**TASK:**
Begin at the line that has "Animesh Khujur Wins", stop after the line that has "The Picture Book", and print exactly those lines from the records below, without any pictures.
BEGIN
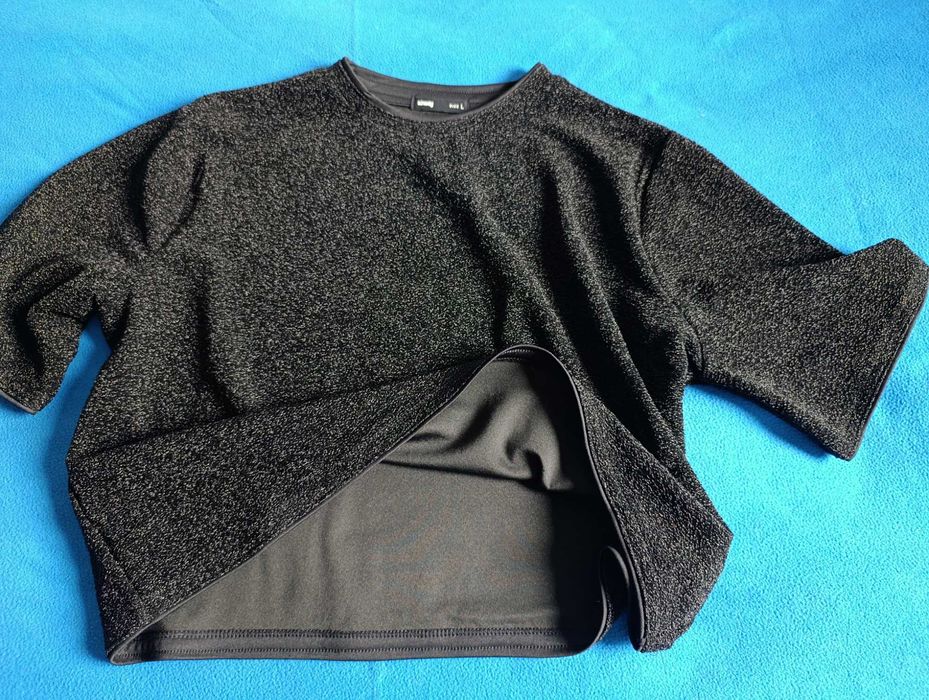 Bluzka krótka czarna L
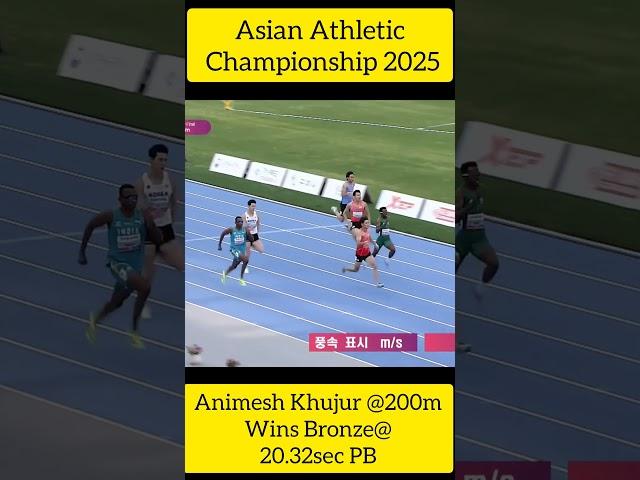 Animesh Khujur Wins Bronze for India! #AsianChampionships2025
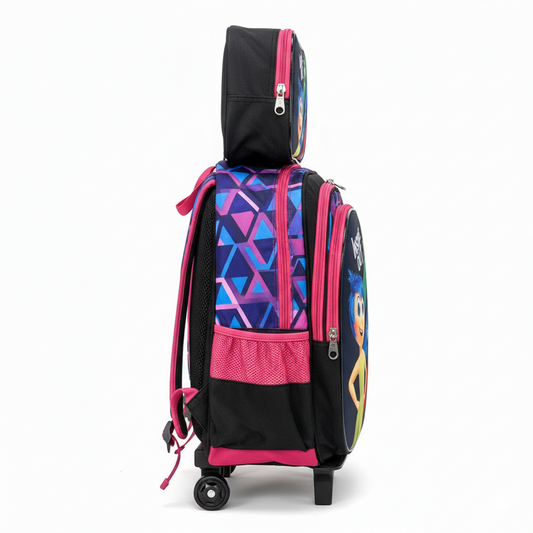 KIT X3 MALETA DOBLE RUEDAS + CARTUCHERA + LONCHERA INTENSAMENTE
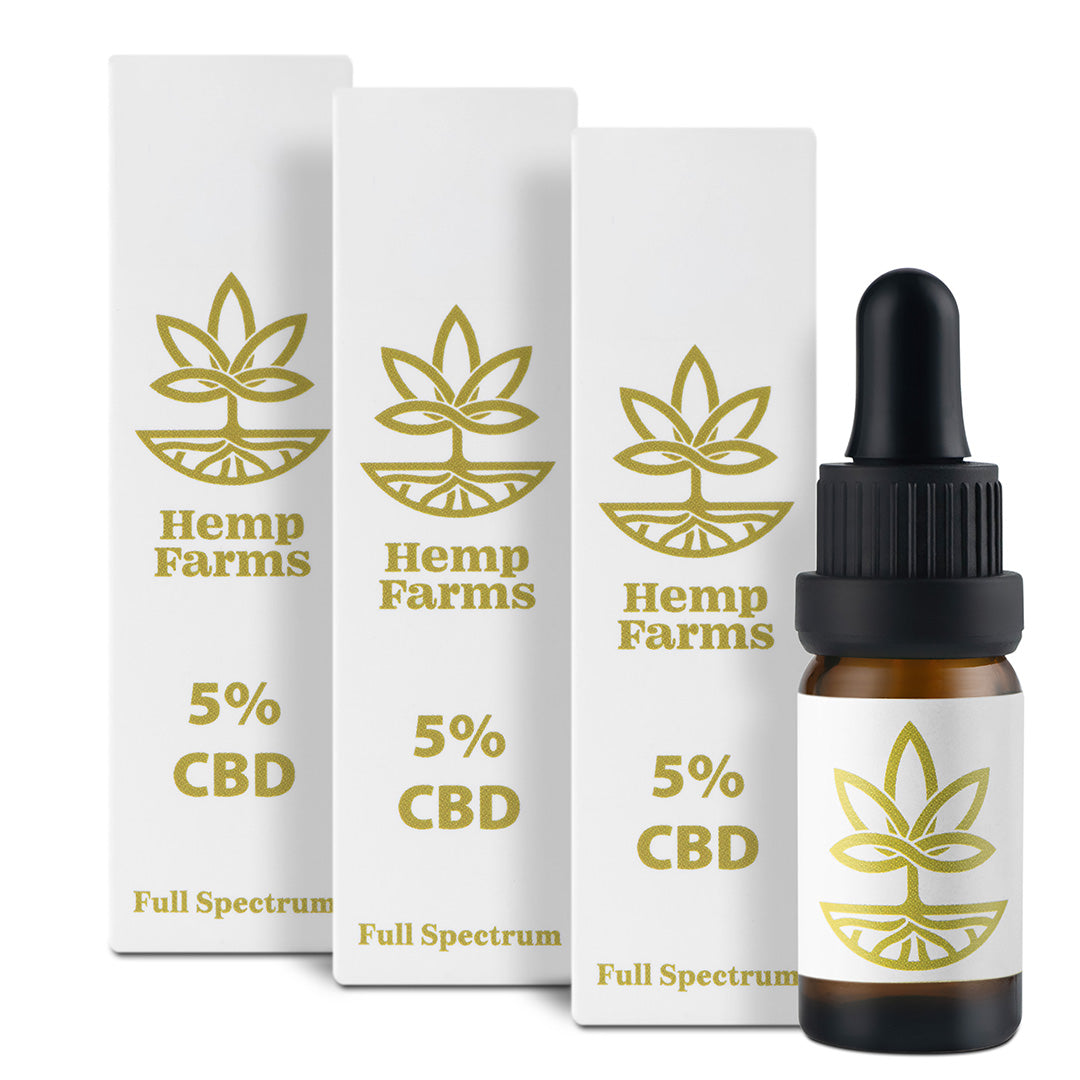 CBD Έλαιο Hemp Farms CBD Oil Προσφορά 5%+5%+5% 30ml. Full Spectrum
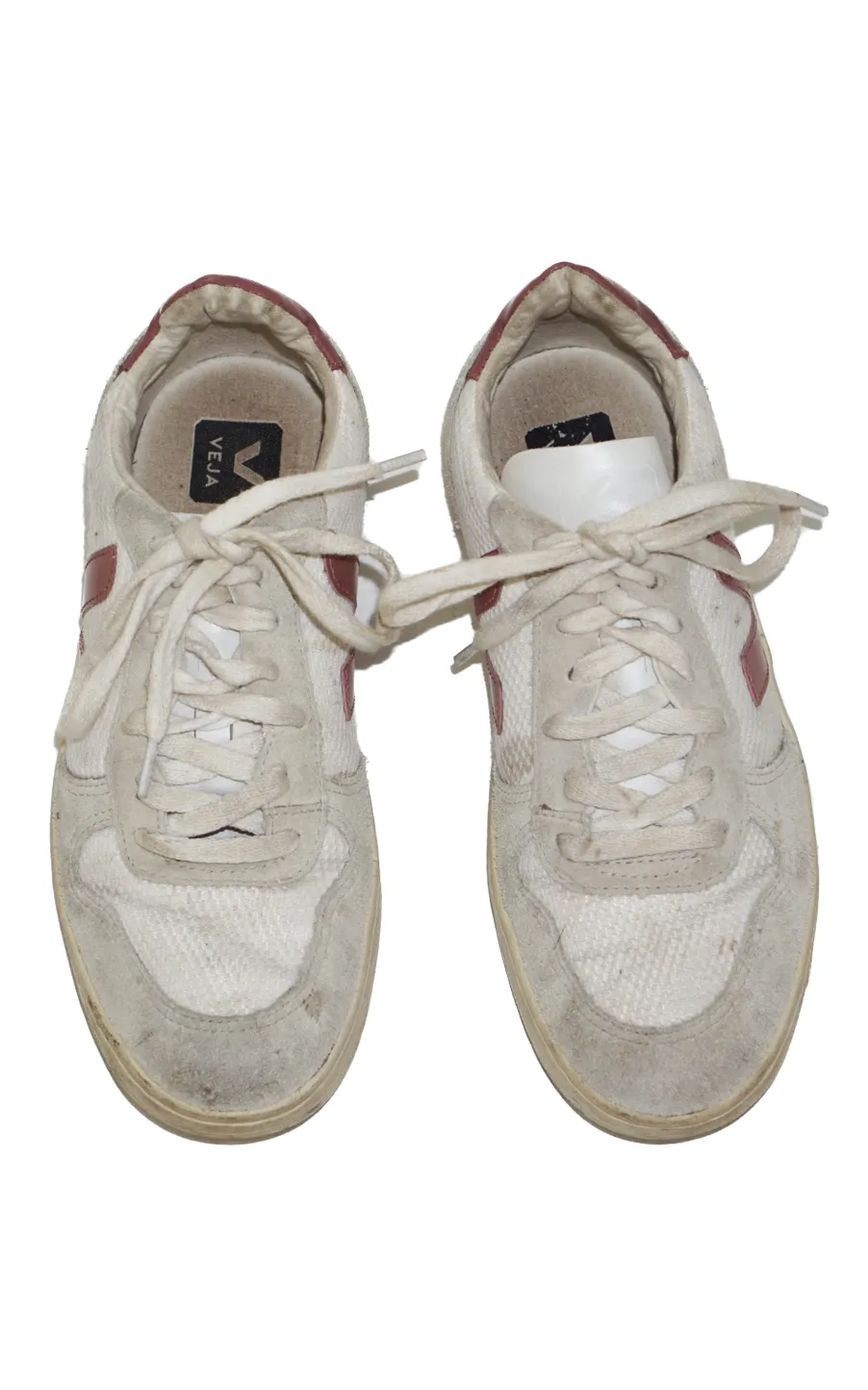 VEJA Logo Lace Up Sustainable Beige Sneakers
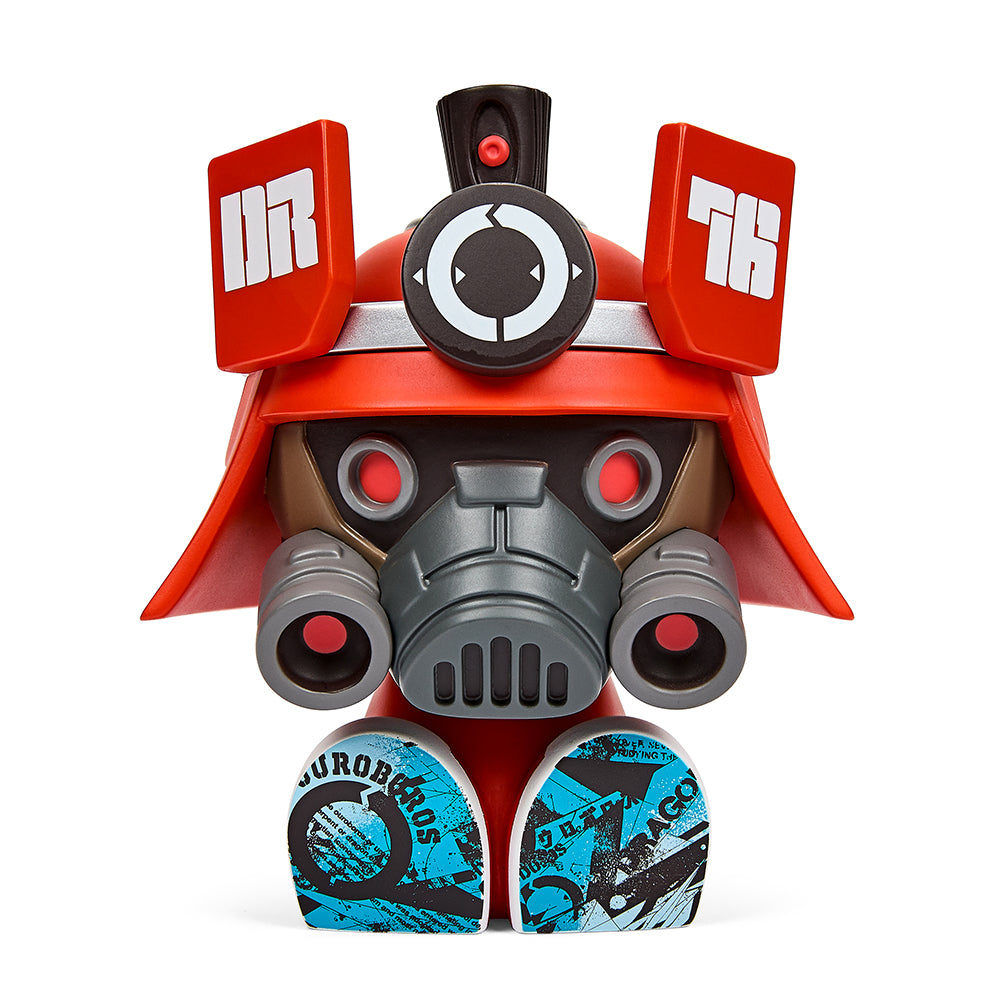 Dragon76 DR76 Red Canbot 5.5 Vinyl Art Figure with Signed Print – Limited Edition of 100 (Kidrobot Exclusive) | Collectible Designer Toy for Home Decor & Gift for Vinyl Art Enthusiasts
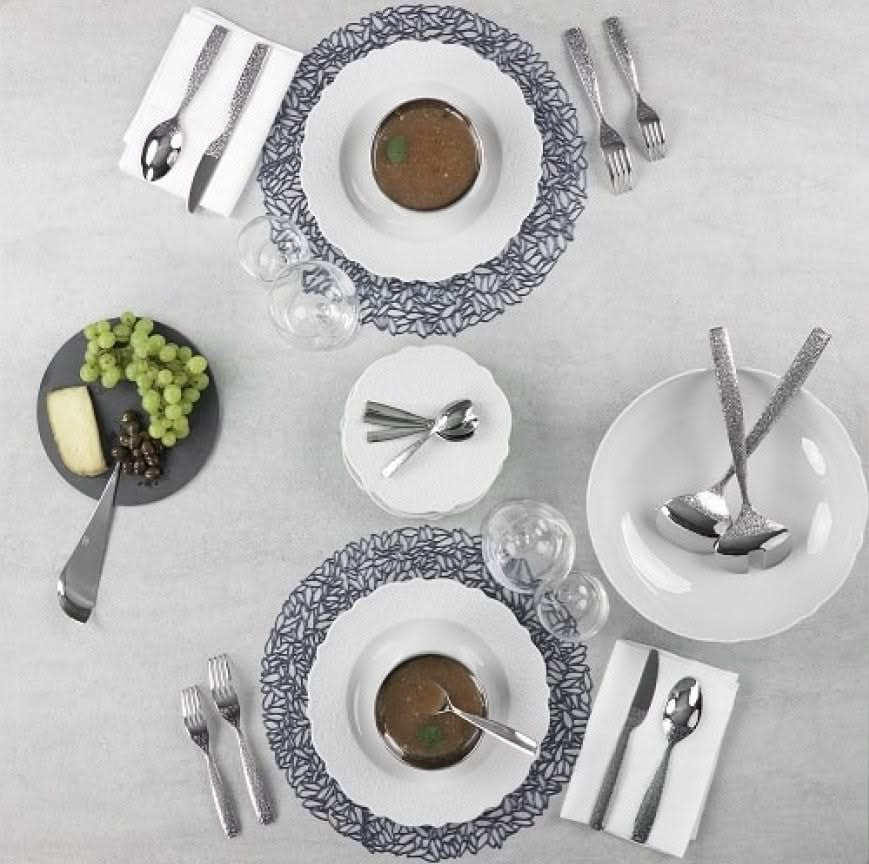 Couteau de table Alessi Dressed - MW03/3 - par Marcel Wanders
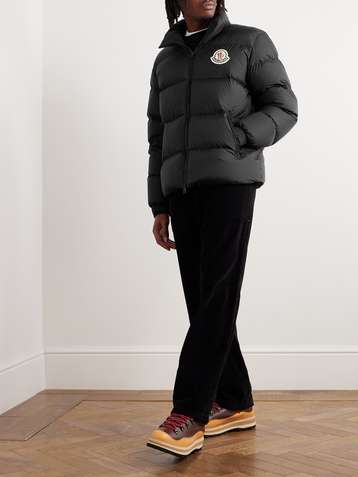 All-Over Vuitton Snow Down Jacket - Luxury Black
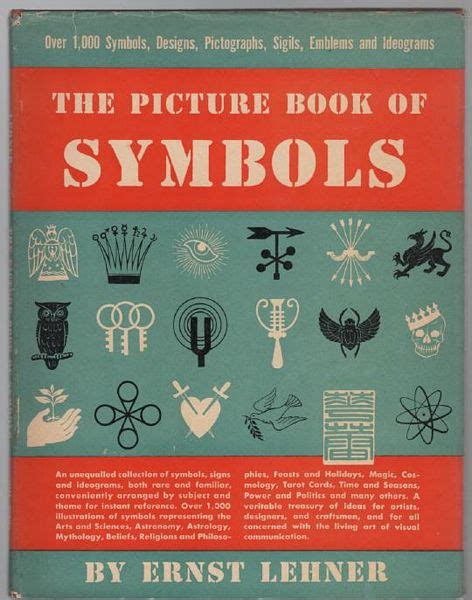 The Picture Book Of Symbols. by LEHNER, ERNST. | Time Booksellers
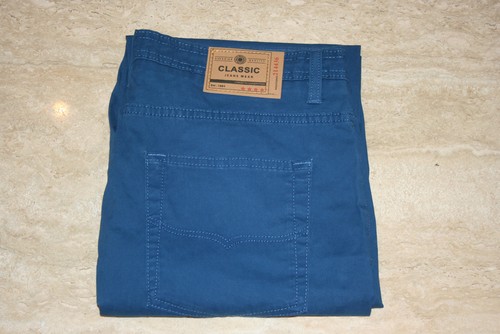 Ex M&S Blue Harbour Men's Jeans Straight Leg Trousers Soft Pants Regular Fit UK - Picture 12 of 12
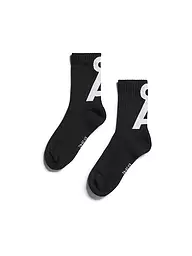ARMEDANGELS | Chaussettes SAAMUS noir blanc | Noir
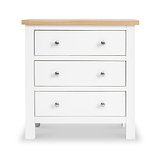 Farrow White  Small chest of drawers from Roseland Furniture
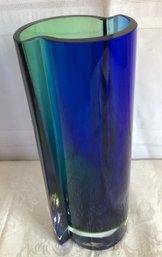 Modern Ombre Glass Vase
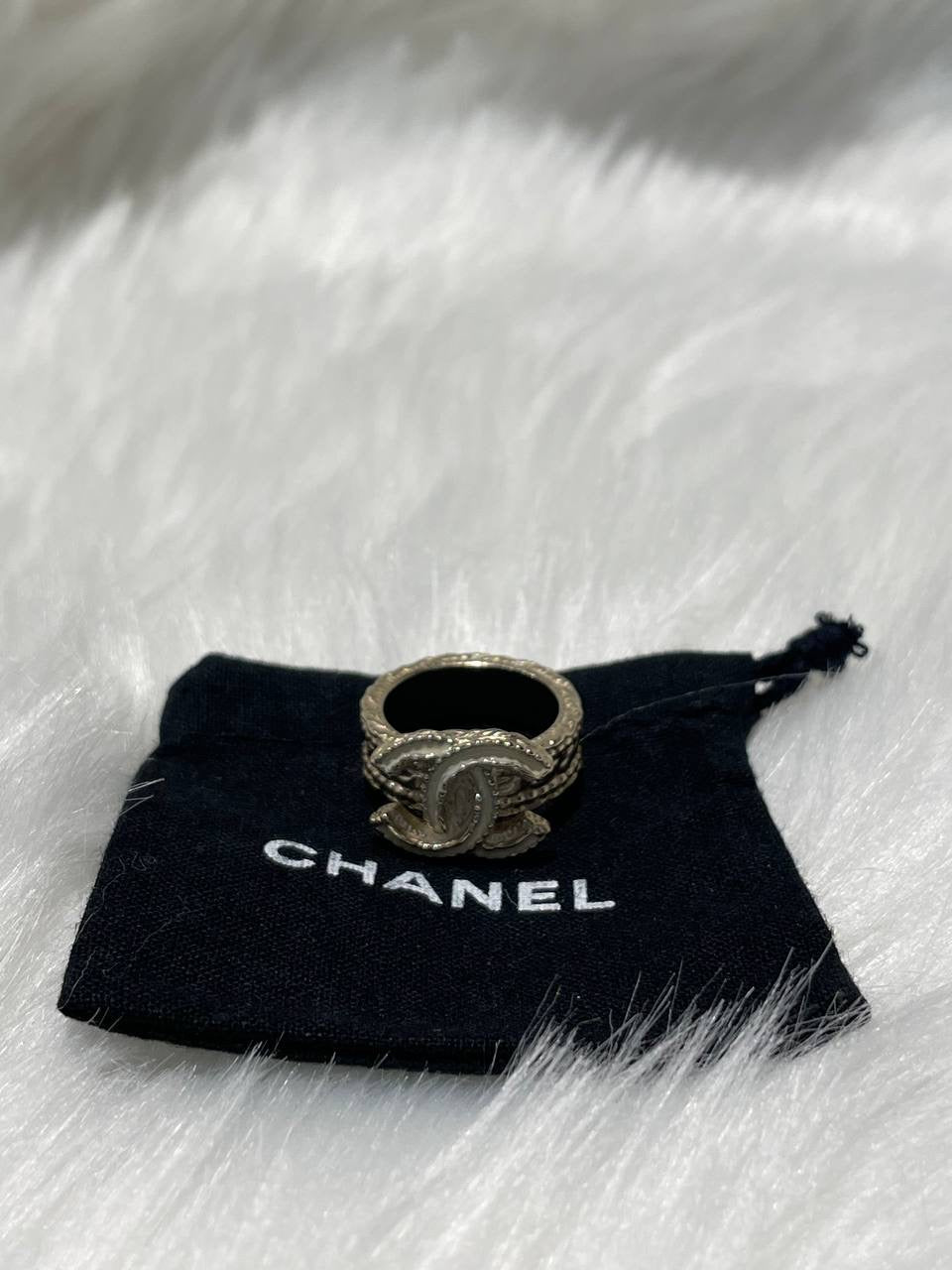 CHANEL  Ring CC Logo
END
**FINAL ANSWER:**
 Animesh Khujur Wins Bronze for India! #AsianChampionships2025
 KIT X3 MALETA DOBLE RUEDAS + CARTUCHERA + LONCHERA INTENSAMENTE
 CBD Έλαιο Hemp Farms CBD Oil Προσφορά 5%+5%+5% 30ml. Full Spectrum
 VEJA Logo Lace Up Sustainable Beige Sneakers
 Dragon76 DR76 Red Canbot 5.5 Vinyl Art Figure with Signed Print – Limited Edition of 100 (Kidrobot Exclusive) | Collectible Designer Toy for Home Decor & Gift for Vinyl Art Enthusiasts
 Couteau de table Alessi Dressed - MW03/3 - par Marcel Wanders
 All-Over Vuitton Snow Down Jacket - Luxury Black
 The Picture Book Of Symbols. by LEHNER, ERNST. | Time Booksellers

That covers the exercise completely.